*To do*
Starting at the line that contains "60-е годы. Галина", please transcribe every line through the end of the entries, exactly and with no pictures.

================

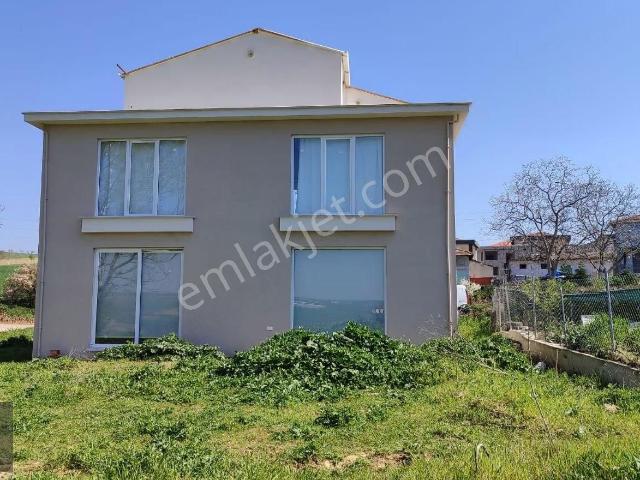 Tekirdağ Villalar Böl.600m2 Arsa İçinde 212m2 Satılık O Trıplex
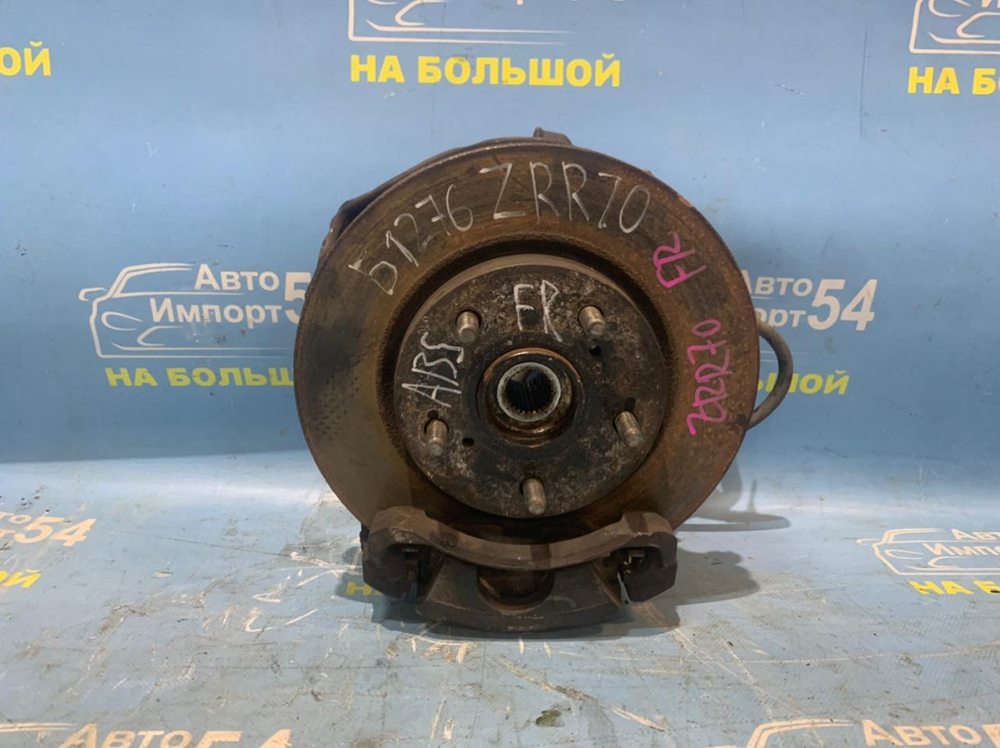 Суппорт тормозной передний правый TOYOTA NOAH 2007-2013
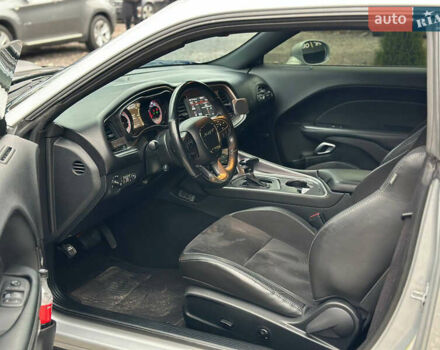 Серый Додж Челенджер, объемом двигателя 6.42 л и пробегом 57 тыс. км за 31000 $, фото 7 на Automoto.ua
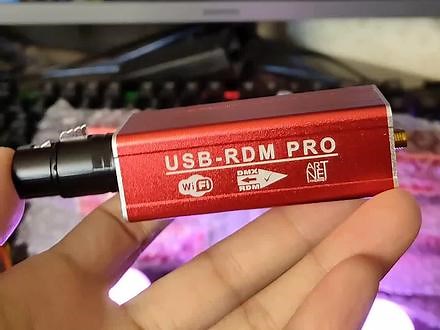 USB-RDM/DMX 可录制任意ArtNet软件效果文件。#舞台灯光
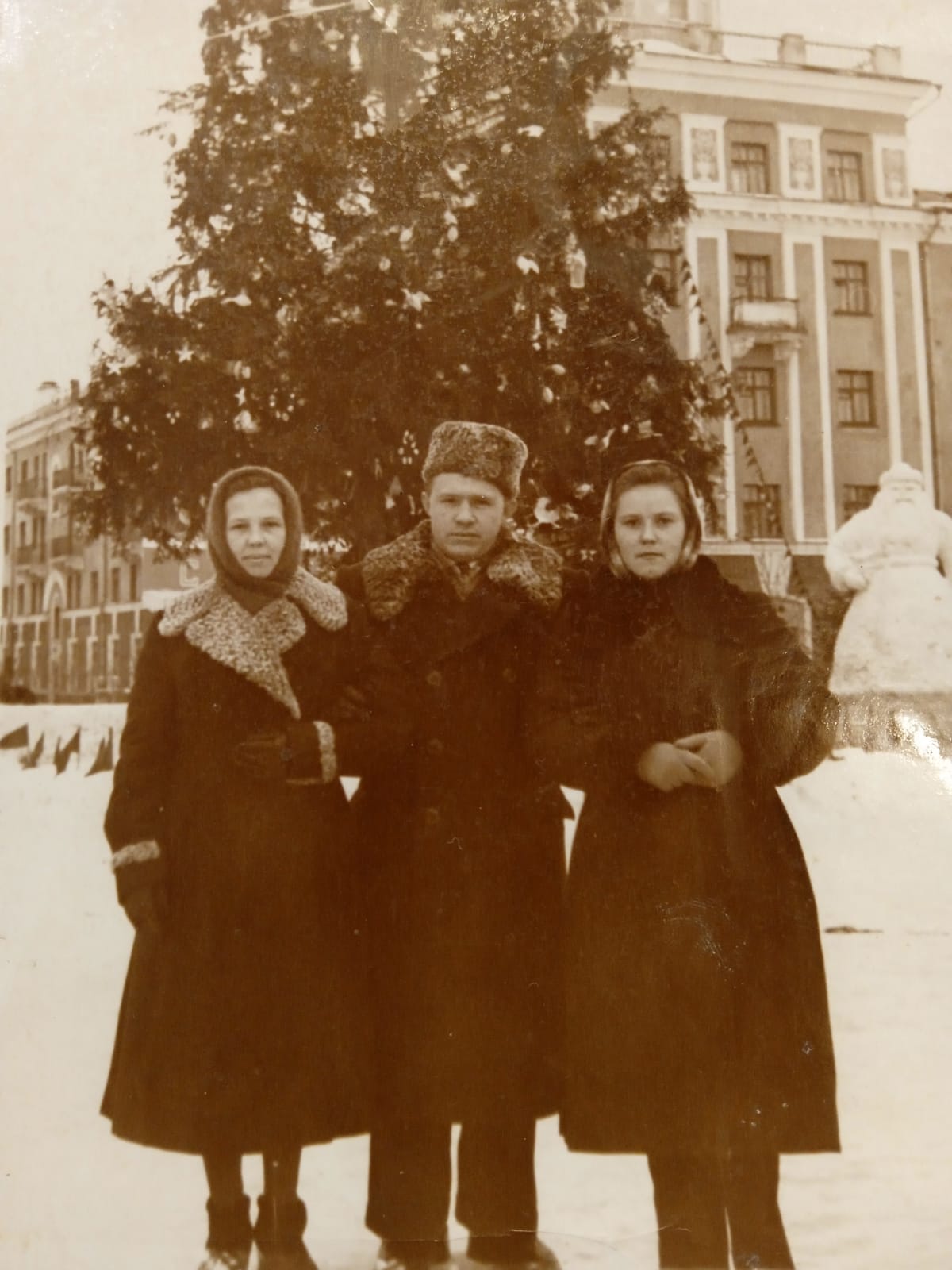 60-е годы. Галина Макарова (слева) с подругой Алевтиной Гавриловой (справа) сделали это фото на главной площади в Екатеринбурге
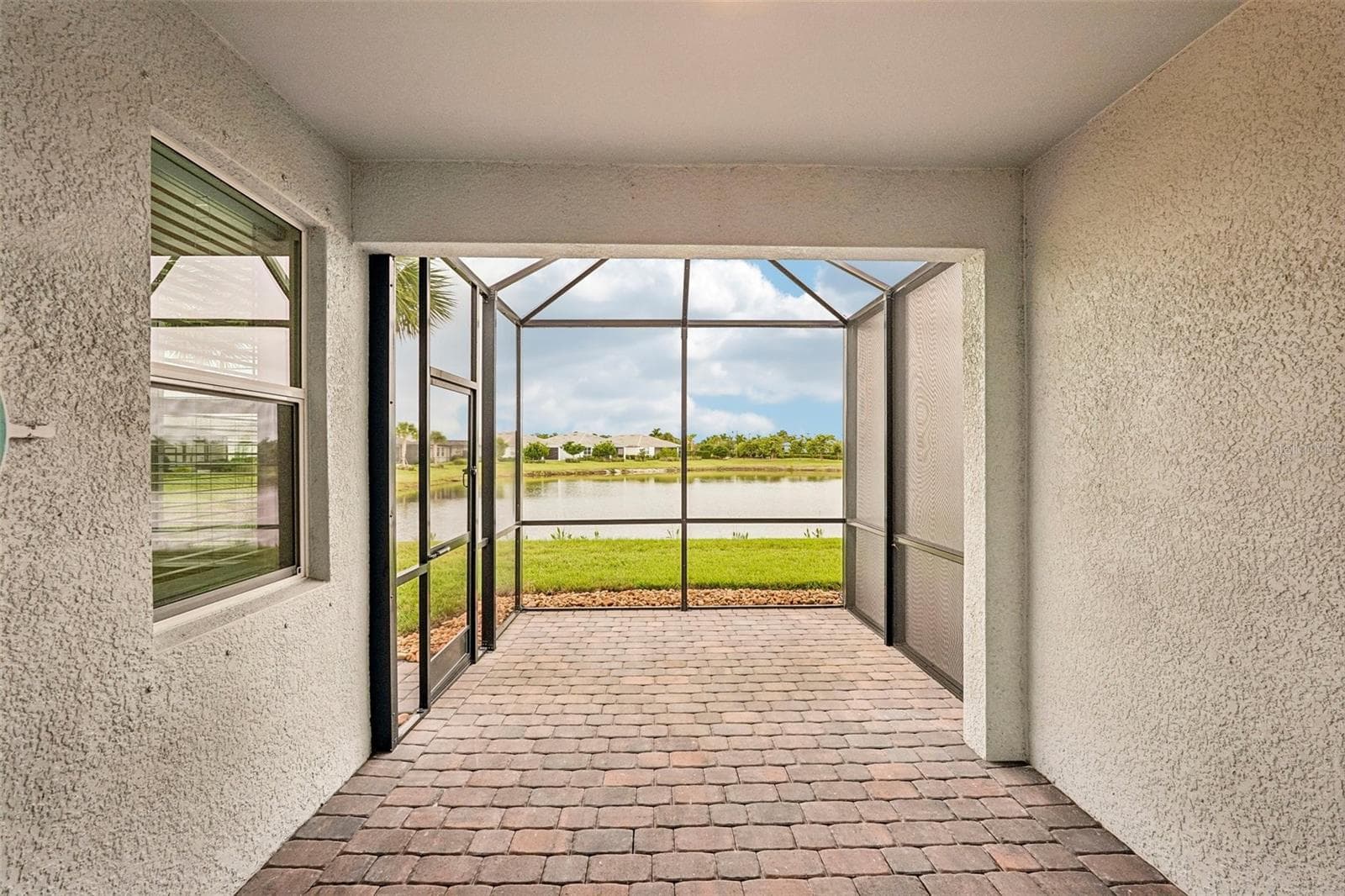 Villa at 9897 BRIGHT WATER DR, ENGLEWOOD, photo 2 of 38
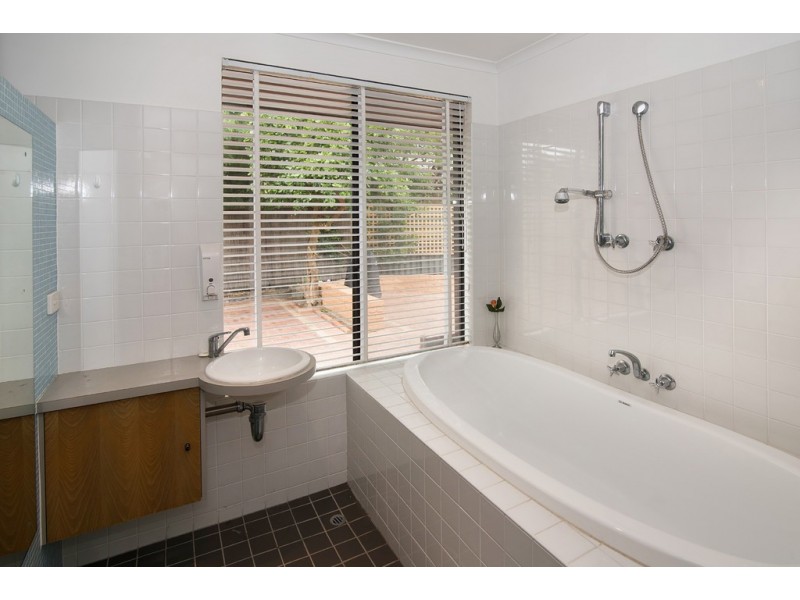 12 Fairway Drive, West Busselton WA 6280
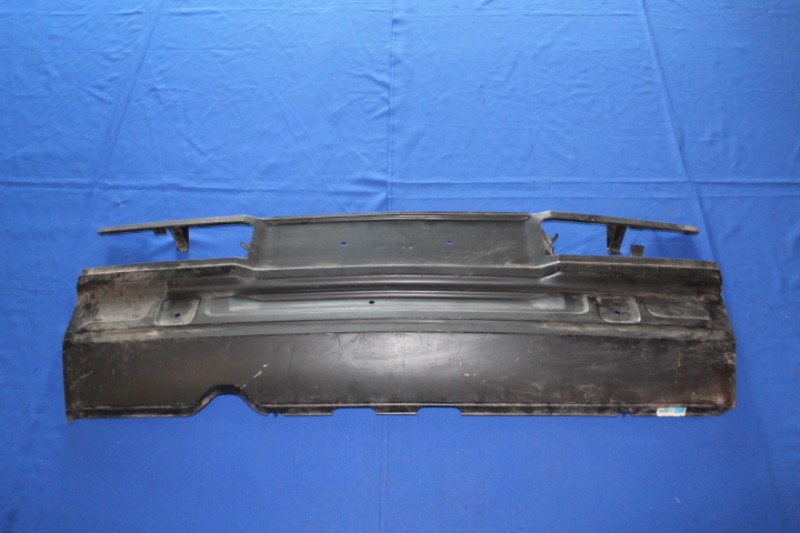 Rear Panel Rekord E1 / Commodore C Sedan, OUTER PART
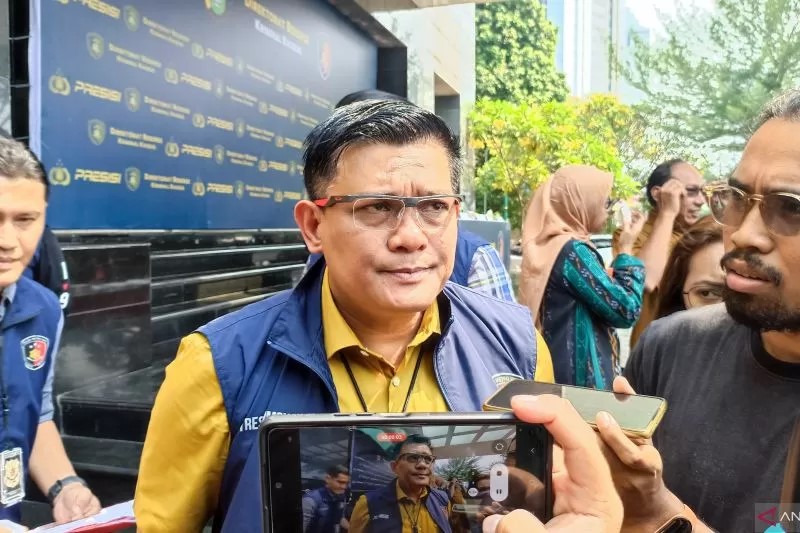 Dirkrimsus Polda Metro Jaya Kombes Pol Ade Safri Simanjuntak menegaskan akan memanggil paksa  Siskaeee dkk bila tak penuhi panggilan penyidik terkait produksi film dewasa.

================

*Output of the exercise*
 60-е годы. Галина Макарова (слева) с подругой Алевтиной Гавриловой (справа) сделали это фото на главной площади в Екатеринбурге
 Villa at 9897 BRIGHT WATER DR, ENGLEWOOD, photo 2 of 38
 12 Fairway Drive, West Busselton WA 6280
 Rear Panel Rekord E1 / Commodore C Sedan, OUTER PART
 Dirkrimsus Polda Metro Jaya Kombes Pol Ade Safri Simanjuntak menegaskan akan memanggil paksa  Siskaeee dkk bila tak penuhi panggilan penyidik terkait produksi film dewasa.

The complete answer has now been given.